### Dataset excerpts

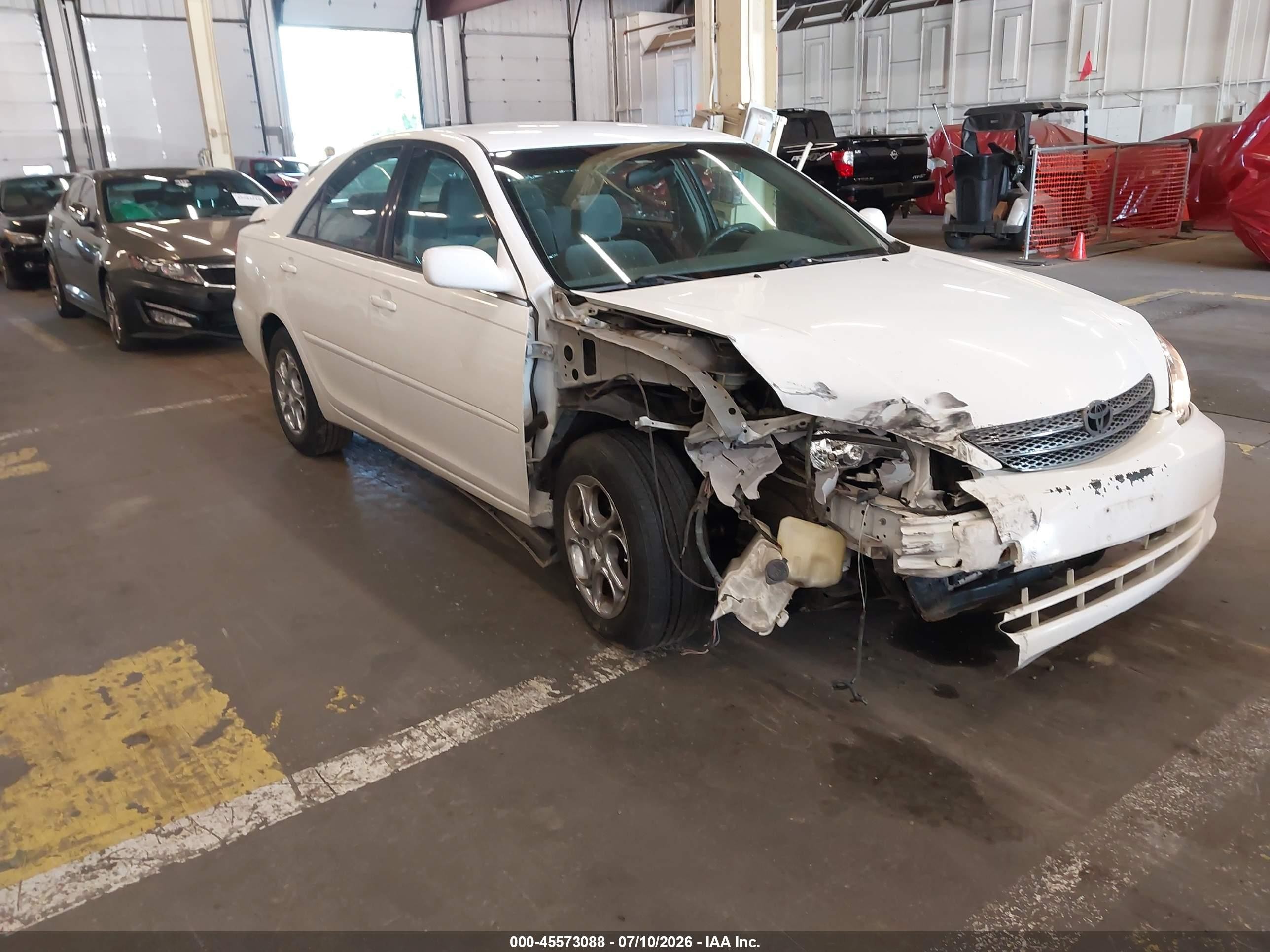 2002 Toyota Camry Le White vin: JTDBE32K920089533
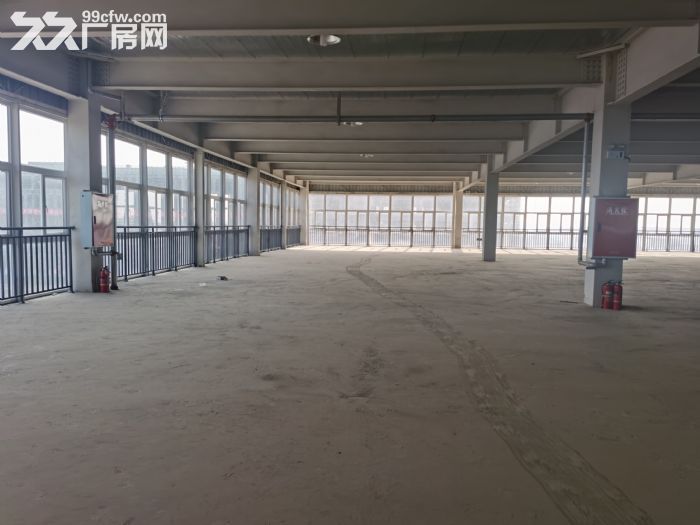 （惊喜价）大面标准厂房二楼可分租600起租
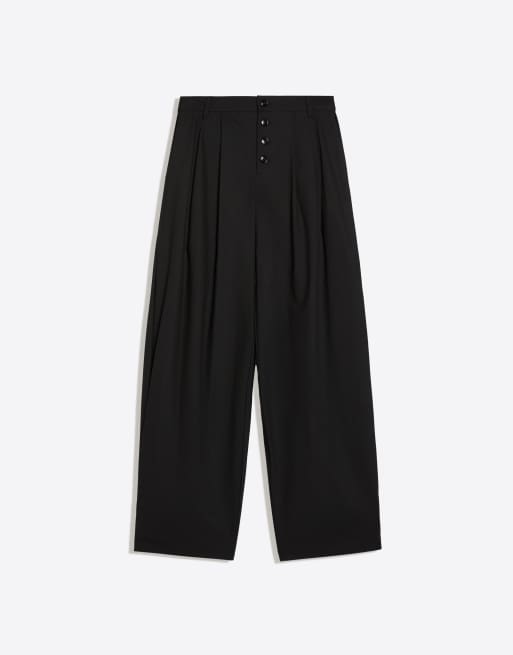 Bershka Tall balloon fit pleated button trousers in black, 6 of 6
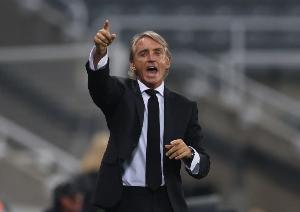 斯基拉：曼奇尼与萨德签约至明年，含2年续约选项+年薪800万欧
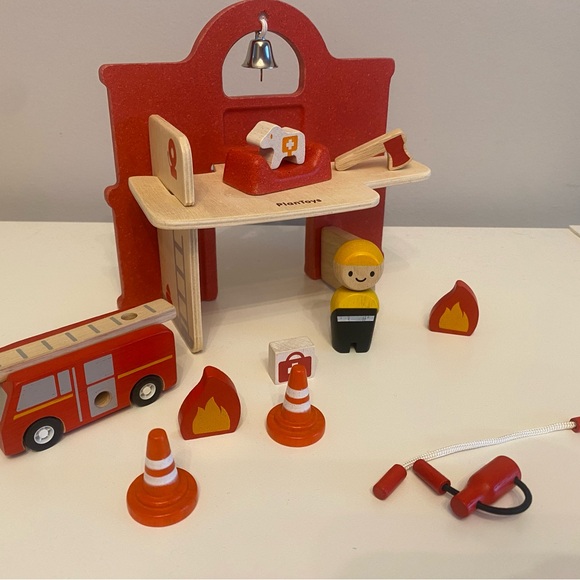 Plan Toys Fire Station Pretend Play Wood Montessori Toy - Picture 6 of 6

######

*What you have to do:*
Every line of the records above should be reproduced exactly, with no pictures included.

*Finished task:*
 2002 Toyota Camry Le White vin: JTDBE32K920089533
 （惊喜价）大面标准厂房二楼可分租600起租
 Bershka Tall balloon fit pleated button trousers in black, 6 of 6
 斯基拉：曼奇尼与萨德签约至明年，含2年续约选项+年薪800万欧
 Plan Toys Fire Station Pretend Play Wood Montessori Toy - Picture 6 of 6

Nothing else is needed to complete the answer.